THE FIRST YEAR JOURN CLASS TUMBLE DRYER

And so the blogging began…….after a whole lot of other beginnings. I began my first year at Rhodes with acute knowledge about what journalism was all about, not only because all I knew was that I just wanted to write but also because the first year theme of surviving first year was very constricting in itself but also because of some of the challenges that came with the course.
And so I tried to navigate myself through the work, and as hard as I tried, it was hard sticking not only to deadlines but the big bad “genre characteristics” that like big bad monsters in a dark room kept constraining me from all angles. Granted that they existed and it took practice, news writing, vac-work, narrative and genre, narrative and genre and more narrative and genre.

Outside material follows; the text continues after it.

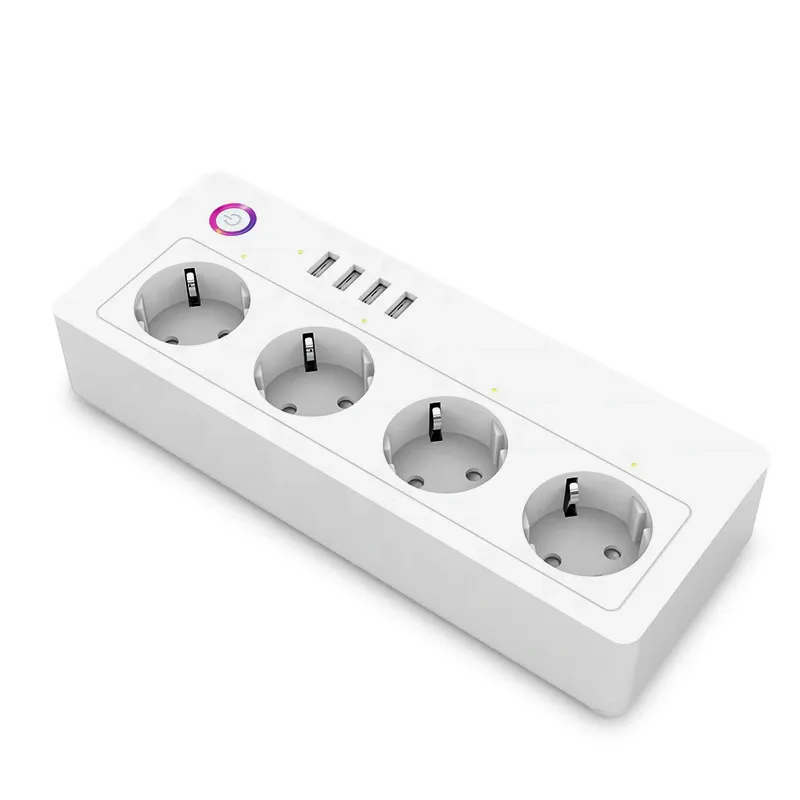 Prelungitor inteligent Smart WiFi cu 4 prize Schuko controlabile individual si 4 porturi USB, compatibil Google Assistant si Amazon Alexa, control aplicatie Tuya / Smart Life, programabil, protectie supratensiune, 16A, 3300W, cablu 1.5m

And then the blog came, Dig My Rez it was. From working alone to working in a group with different people who had different ideas and different working techniques made life difficult. Until the day I almost lost my quota, adamant to fix it, and fix it I did. With my limited knowledge of the cyber sphere I managed to try and relate our blog character to our actual blog now that was hard work on its own. Trying to relate every piece of writing with it was even harder but alas a small and short lived victory it was.

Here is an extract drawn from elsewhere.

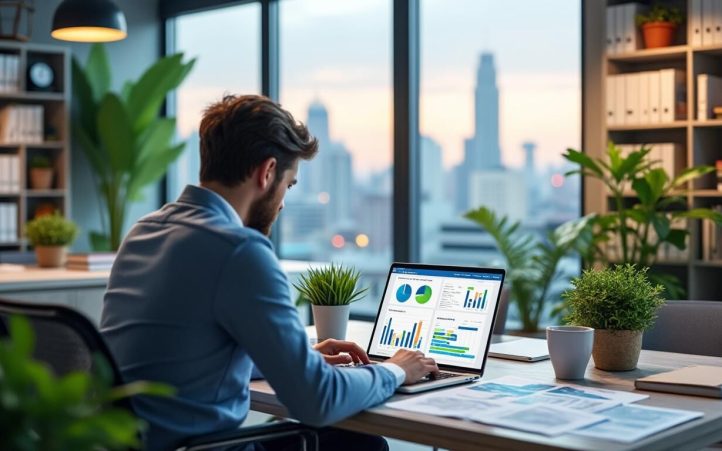 Homme utilisant un laptop avec vue sur la ville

“Make sure that the target audience is reached, make sure that the character of the blog is reflected, make sure that the polls are up to date and make sure you still post extra pieces of writing to the blog” said the voices in my head during the fourth term of working with narrative and genre and as the theme dragged on and became old so did the story ideas and trains of thought.
Was this even journalism? Confines and constraints in spaces filled with limitations of every kind, be it a word count, a written piece type or the infamous blog character. So many things to say, so little time in which to say them in and offcourse so many other factors to consider when writing about whatever it is I was writing about…… eternal frustration. Then the question arises, is journalism writing what you know how you know it or sticking to rules of writing what you know within the confines of not only the course but the different genre expectations.
Yes…. I have learnt and realised that writing is governed by rules, rules, and more rules and so I learnt to roll with the punches, kicking and screaming at every turn! “Help me, I am drowning” said the voice of helplessness in my head as the workload became too much to bear, the ideas slow in coming and the working slower. And so we tried as hard as we could to compromise, working in a group had its challenges, where going the extra mile was rare and to be avoided like the plague.
And so the struggle continued, as it were, trying to reflect on everything that is not right with the world and everything that was, trying to make sense of it all, Journalism and Media Studies it was. All this and more being done while “sticking to the game plan”.